The government has no intention of changing the current rules for granting residency permits to refugee children who are well-rooted in the Netherlands but do not meet normal requirements, prime minister Mark Rutte said on Monday.

The case of Lili and Howick, two children who were set for deportation to Armenia on Saturday but allowed to stay by junior justice minister Mark Harbers at the last minute, is a ‘unique case and a unique decision’, Rutte told reporters on Monday.

‘The junior minister regularly takes unique decisions but these are never spoken about in public,’ Rutte said. ‘We have a fair and strong asylum policy.’

Lili and Howick were told on Saturday they could stay in the Netherlands after  a 10-year asylum procedure. Their mother was picked up a year ago but sent her children into hiding before she left and was deported without them. The children, aged 12 and 13, do not speak Armenian and have never been in the country.

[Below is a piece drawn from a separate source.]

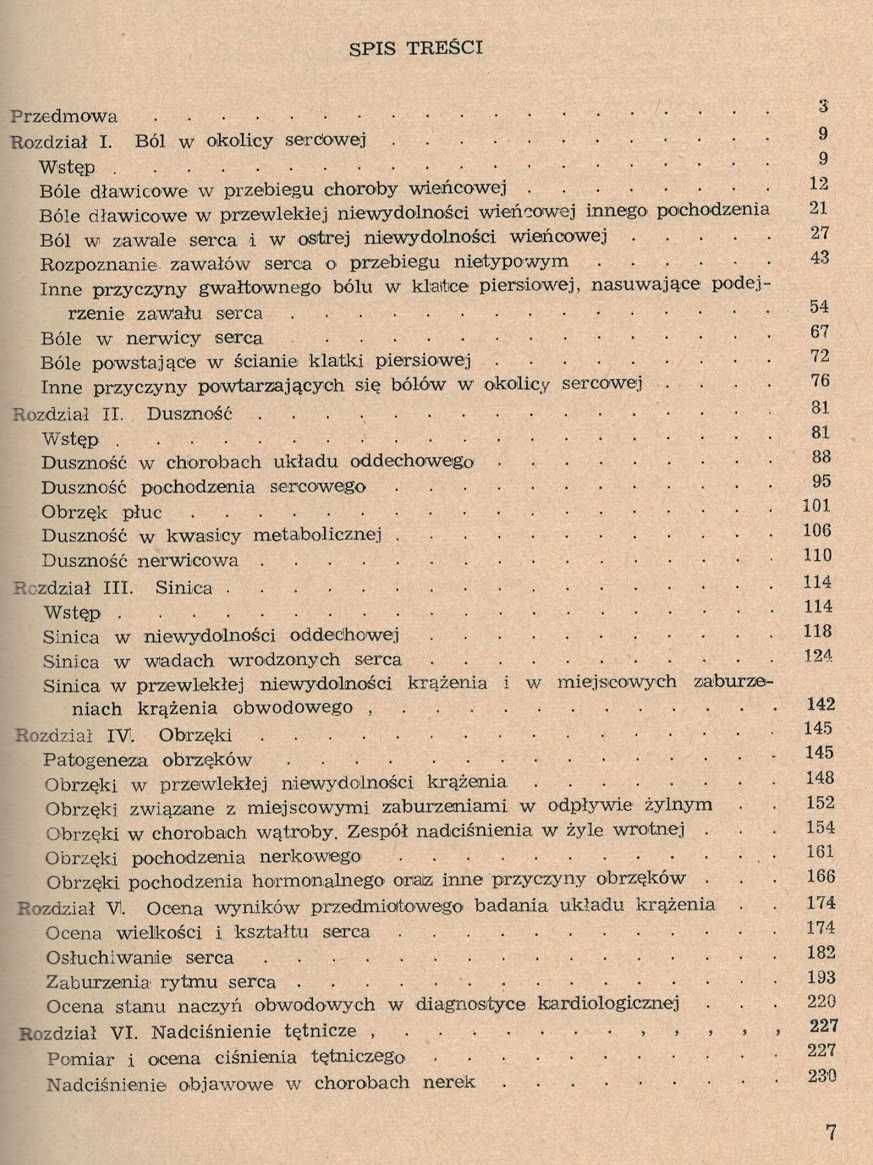 Rozpoznawanie chorób serca D Aleksandrow W Wysznacka PZWL 1957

There are said to be around 400 children in a similar situation to Howick and Lili on the deportation list. Last week, there were reports that immigration officials picked up an Afghan family with three sons who have been in the Netherlands for at least seven years. They are also due to be sent back to Afghanistan, which the Netherlands considers to be safe.

Petition

Politicians and celebrities have been urging the government to rethink its child refugee amnesty because of the overly strict rules and over 100,000 people have so far signed a petition calling for change.

Children can qualify for the amnesty if they have lived in the Netherlands for more than five years, have been under the supervision of an official organisation and are under the age of 18.

Being in touch with local councils and going to school is not sufficient to qualify for the amnesty because these bodies do not have a role in law in immigration policy and are therefore not ‘official’. In addition, children are ruled ineligible if their parents have not cooperated with efforts to deport them – which rules out nearly everyone.

Cabinet

The issue of the child amnesty was a major sticking point in last year’s cabinet formation talks. Both the Liberal Democratic party D66 and ChristenUnie had included a pledge to reform the amnesty in their manifestos but gave it up in the political horse trading surrounding the coalition agreement.

D66 leader Alexander Pechtold told RTL Nieuws on Monday that asylum procedures must be shortened in future but added there is no reason to break open the coalition deal. ‘No case is the same. We have to institutions here which are quite capable of making a judgement and these are the junior minister and the courts,’ he said.

The Supreme Court ruled last month that there was no legal reason to keep Lili and Howick in the Netherlands because Armenia is a safe country and agreements had been made to make sure the children ‘did not end up on the street’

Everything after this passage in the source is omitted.